═══ Records for the task ═══

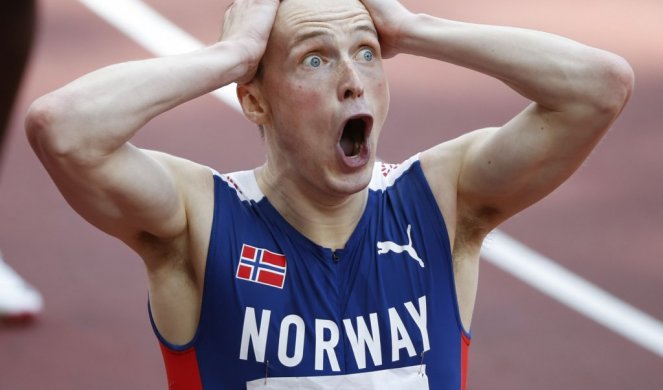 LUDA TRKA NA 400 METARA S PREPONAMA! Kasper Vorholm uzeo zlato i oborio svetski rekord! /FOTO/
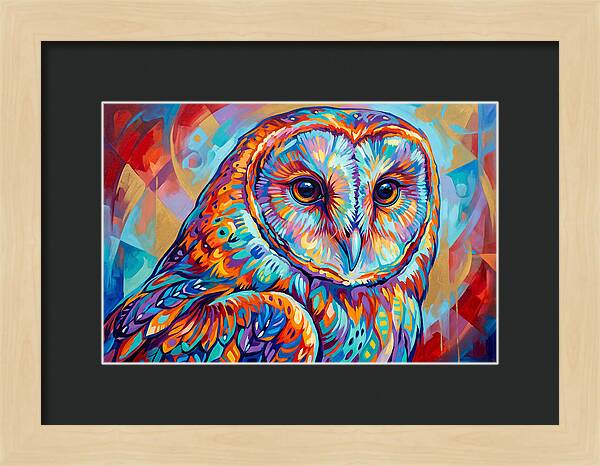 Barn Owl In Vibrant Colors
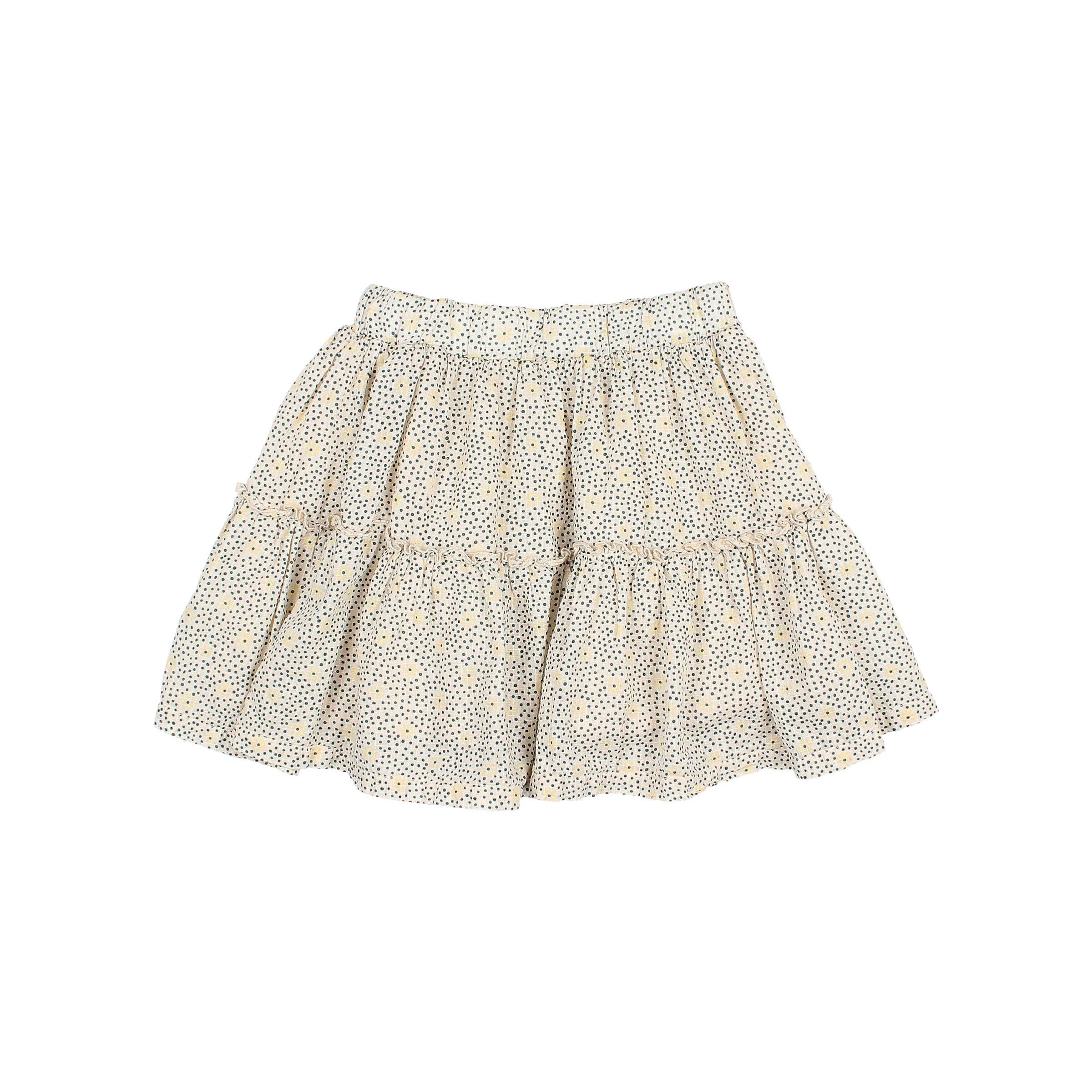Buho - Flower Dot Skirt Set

═══
═══ Records for the task ═══

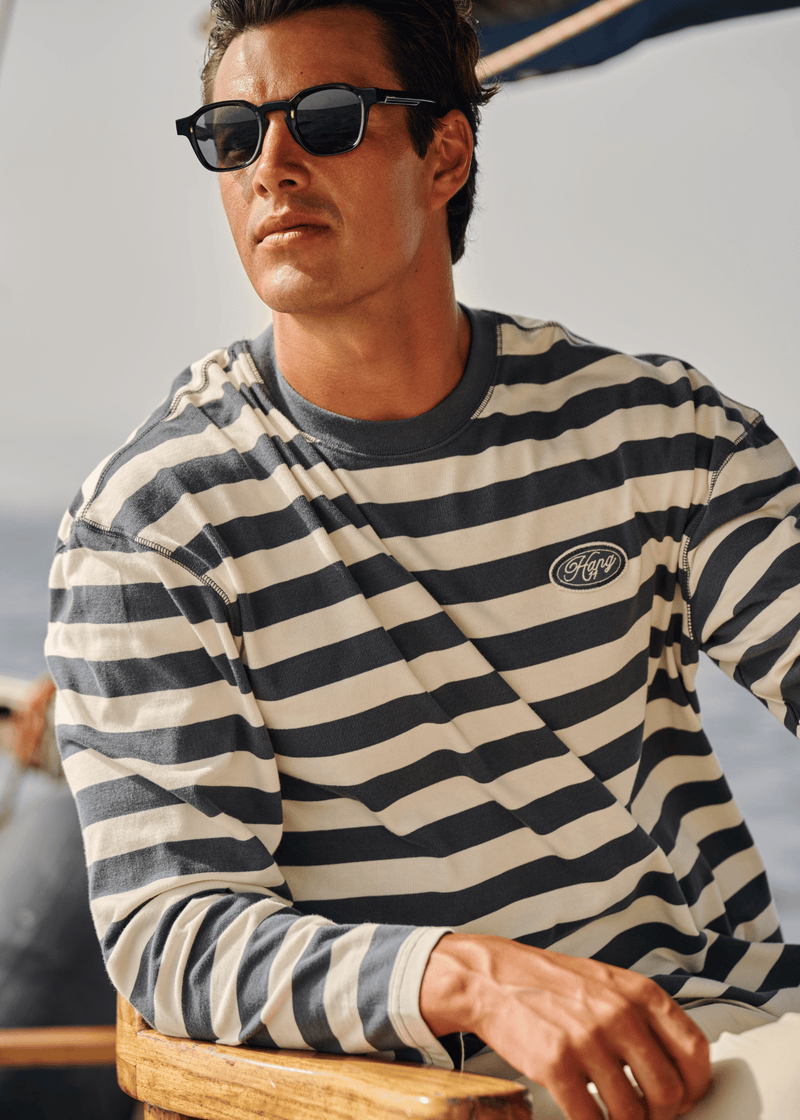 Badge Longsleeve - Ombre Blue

═══
═══ Records for the task ═══

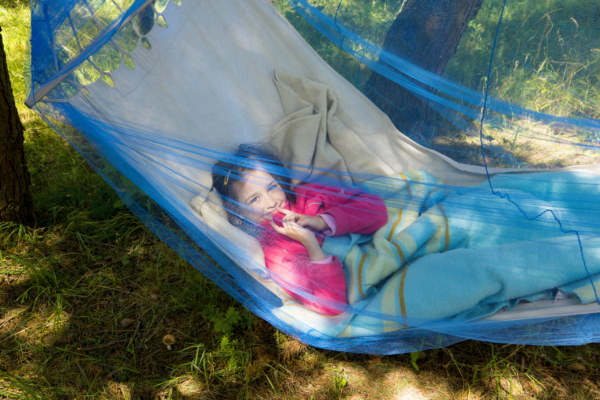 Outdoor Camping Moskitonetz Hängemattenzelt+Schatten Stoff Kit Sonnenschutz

═══

Exercise: Whatever pictures the records hold, omit them; give again exactly the lines from the one containing "LUDA TRKA NA" through the one containing "Buho - Flower Dot Skirt Set".

Written response:
 LUDA TRKA NA 400 METARA S PREPONAMA! Kasper Vorholm uzeo zlato i oborio svetski rekord! /FOTO/
 Barn Owl In Vibrant Colors
Buho - Flower Dot Skirt Set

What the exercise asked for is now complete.